Читать «Художники Парижской школы из Беларуси. Эссе, биографии, путеводитель» онлайн - страница 89

Владимир Счастный

Во дворе Дома-музея М. Шагала

Сцена из спектакля «Шагал, Шагал…»

Слово «ярость» не сразу пришло на ум как аналог французскому «colere». Злость, гнев… Нет, ярость! Скорее даже яростность. Демонстративная, как у Модильяни, скрытая угрюмостью, как у Сутина, или воспринимаемая, как оптимизм Кикоина. Но всегда ярость благородная, как у настоящих художников. Именно это свойство, присущее любому человеку, у многих обитателей «Улья» гипертрофировалось как реакция на унижения на родине, лишения во Франции и воплотилось в творческую энергию, сконцентрировавшуюся на полотнах.

Янкель рассказывает о том, что лет двадцать назад его друг, физик, показал книгу «Молекулярная физика», написанную советскими учеными Кикоиными. Янкель написал им письмо, чтобы выяснить, не состоит ли он с ними в родстве. Реакция последовала не сразу. У адресата к тому времени были достаточно сложные отношения с КГБ. Он позвонил старшему брату и сыну, рассказал о письме и о своем решении не отвечать. Родителей, которые могли бы пролить какой-то свет на давние семейные отношения, к тому времени давно уже не было в живых. Отец умер за несколько лет до войны, а мать, оставшаяся одна в Пскове, не успела эвакуироваться и разделила страшную судьбу евреев, попавших в руки немцев. Лишь через несколько лет внучка адресата, к тому времени натурализовавшаяся в Америке, нанесла визит Янкелю и его сестре Клер, выяснив при этом, что она принадлежит к ветви, происходящей от того же гомельского раввина, что и французские Кикоины. К еще одной ветви принадлежат кинорежиссеры и продюсеры Жерар Кикоин и его брат Жильбер.

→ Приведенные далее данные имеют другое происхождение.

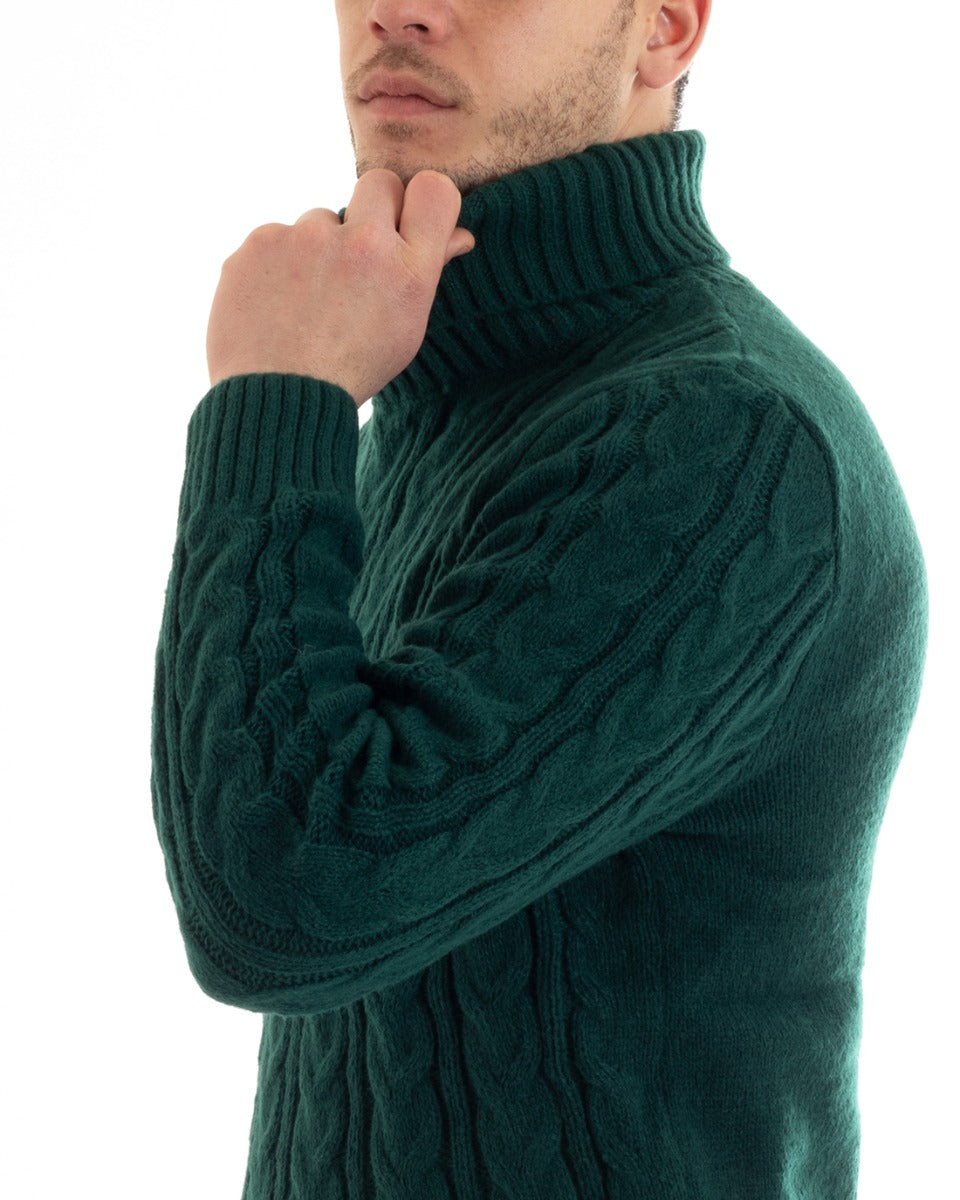 Maglioncino Uomo Maglione Collo Alto Trecce Tinta Unita Verde Dolcevita Casual GIOSAL-M2645A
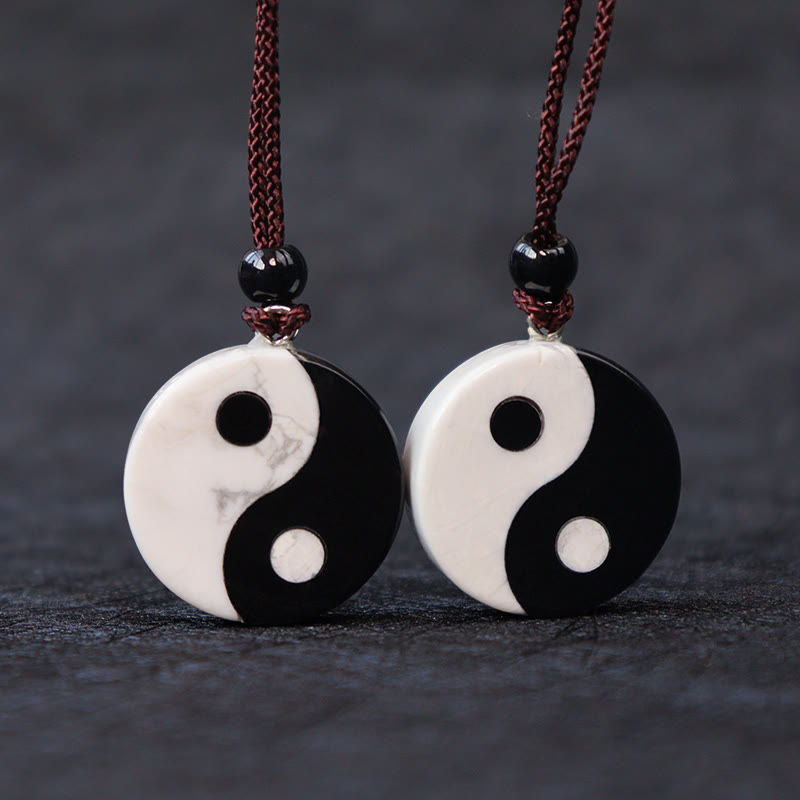 Mythstone Natural Black Obsidian White Turquoise Yin Yang Fulfilment Strength Necklace Pendant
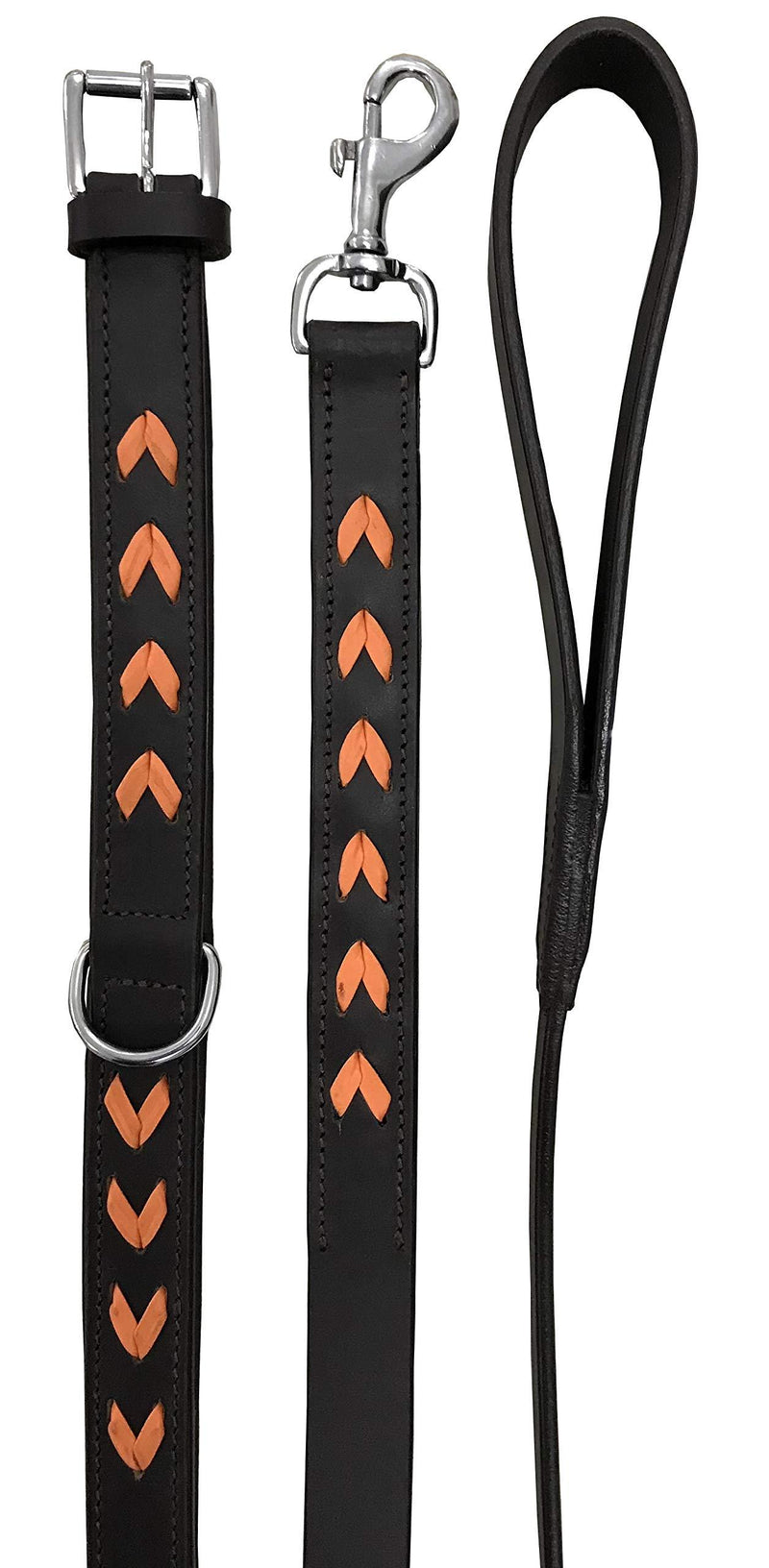 BRADLEY CROMPTON Genuine Leather Matching Pair Dog Collar and Lead Set M M (38-48cm) Orange - PawsPlanet Australia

Янкель вместе с сестрой Клер основал Фонд Кикоина. Основной своей задачей эта организация считает собирание работ Мишеля Кикоина и художников круга Парижской школы, издание альбомов и монографий, посвященных его творчеству, и «возрождение интереса, который подвигнул этих иностранцев из всех четырех сторон света собраться во Франции в начале века». В ответ на рассуждения о том, что было бы хорошо, если бы работы отца оказались на родине, звучит: «Слишком поздно». Янкель перечисляет музеи, в которые были проданы или переданы работы отца уже в послевоенное время: Музей Пети-Пале (Женева), Национальная галерея Виктории (Мельбурн), музей Тель-Авива, музей Израиля. Многие из картин все же остались в Париже и хранятся в Национальном музее современного искусства Центра имени Жоржа Помпиду и в Музее современного искусства города Парижа. При этом основная часть из них выставлена в Музее искусства и истории иудаизма. Правда, несколько работ хранится у сестры Клер. Теперь ее фамилия Маратье.

Мадам Маратье в разговоре с гостями с родины ее отца не скрывает своего возраста и, похоже, принимает как должное очередную порцию совершенно искреннего восхищения ее памятью, живостью, несмотря на полную потерю зрения, острой реакции.